2023-11-10

Boxyvault - The first Lambda function

Overview

This entry delves into what I discovered while implementing the first Lambda function for Boxyvault. A couple of interesting and unexpected things appeared that is worth sharing such as needing to provision AWS S3 buckets before being able to deploy Lambda functions.

The first Lambda function
How do we handle filter arguments
Paging DynamoDb results in Lambda
Infrastructure requirements
Lessons Learned
Conclusion

The first Lambda function

What will the first Lambda function do? The objective is to retrieve file records that correspond to actual files stored in AWS S3.
However, we are not able to do this at the moment as much of the required components such as data storage do not exist yet. In order to make progress without these parts I’ll develop some of the foundation pieces such as the Lambda function code, infrastructure, permissions and mock return data. Other parts like the AWS DynamoDb and relevant data schema will be implemented at a later stage.

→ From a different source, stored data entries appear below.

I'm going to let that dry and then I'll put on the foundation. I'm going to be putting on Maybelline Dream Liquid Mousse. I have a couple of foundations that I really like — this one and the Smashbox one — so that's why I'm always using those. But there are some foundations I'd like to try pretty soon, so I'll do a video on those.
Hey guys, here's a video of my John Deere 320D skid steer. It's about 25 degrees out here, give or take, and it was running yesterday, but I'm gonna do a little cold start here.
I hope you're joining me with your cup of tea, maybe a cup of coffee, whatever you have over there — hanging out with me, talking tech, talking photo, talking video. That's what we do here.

The function will eventually return data from DynamoDb and optionally reduce the result set if a filter query is provided. Three potential fields I foresee being used for filtering is tag, name and upload-date. But for the sake of progress I will not implement filtering of the mock data.

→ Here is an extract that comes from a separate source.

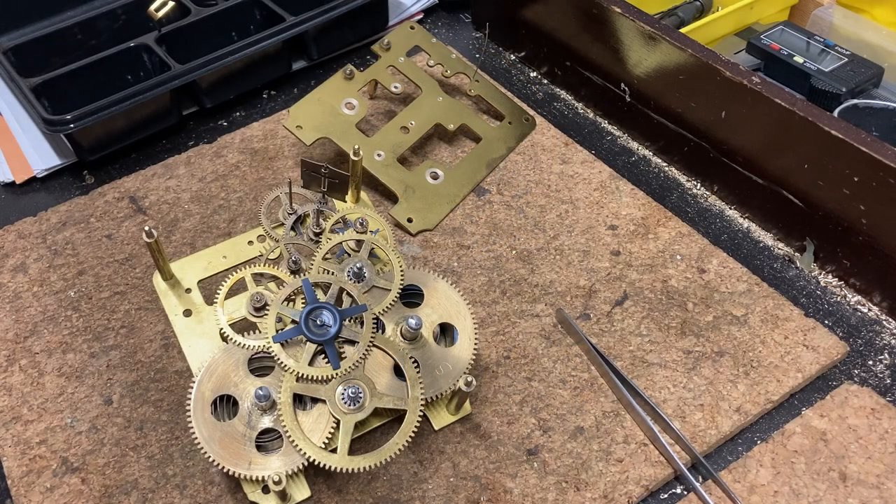Hey guys, welcome to Chris's Clock Shop. In this video I'm going to show you how I put together a clock movement. There are a couple ways I've done this in the past, but this is the way I use and I find it's very easy and the most effective.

Tag one of many text strings associate with a file, e.g. un processed, holiday rotorua 2023

Name the name of the file being uploaded.

UploadDate is the date when the file was uploaded. Useful for showing recent default content on a dashboard.

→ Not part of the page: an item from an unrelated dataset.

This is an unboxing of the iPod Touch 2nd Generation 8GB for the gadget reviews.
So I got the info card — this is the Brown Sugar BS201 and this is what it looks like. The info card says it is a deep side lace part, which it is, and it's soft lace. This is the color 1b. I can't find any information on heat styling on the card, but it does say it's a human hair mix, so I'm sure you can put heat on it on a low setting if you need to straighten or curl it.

How do we handle filter arguments

I will be invoking these Lambda functions via an API Gateway RESTful request.
This means we’ll utilize typical mechanisms such as query parameters to deliver the filter arguments to the Lambda function. e.g.

1	GET /files?limit={limit}&start-key={start-key}&tag={tag}

All Lambda functions consist of an entry point usually referred to as it’s handler function. Within this handler we are able to extract details about the calling operation, referred as the context and in this case it would contain the query parameters provided by the invoking endpoint URL.

In this way each Lambda function invocation will have the necessary argument values to filter which file record are to be returned.

Paging DynamoDb results in Lambda

I anticipate that every Boxyvault user will upload many more files than one web page can display. I want to address this with data paging instead of infinite scrolling due to the simplicity of it’s implementation. Additionally the amount of data on the web page will remain low and hopefully contribute to fast loading and overall snappy UI.

I will utilize two query parameters to orchestrate result paging.

limit is the maximum number of records to return.
startKey is the key of the item where the query should start. This is used for pagination.

Infrastructure requirements

My chosen approach for deploying Lambda functions is to use awscli and CloudFormation. Given I’ve deployed other AWS resources like this previously I assumed that I’d need a simple CloudFormation template with my Lambda function declaration. But soon after looking into the Lambda service required properties, I realized there was a bit more work to do.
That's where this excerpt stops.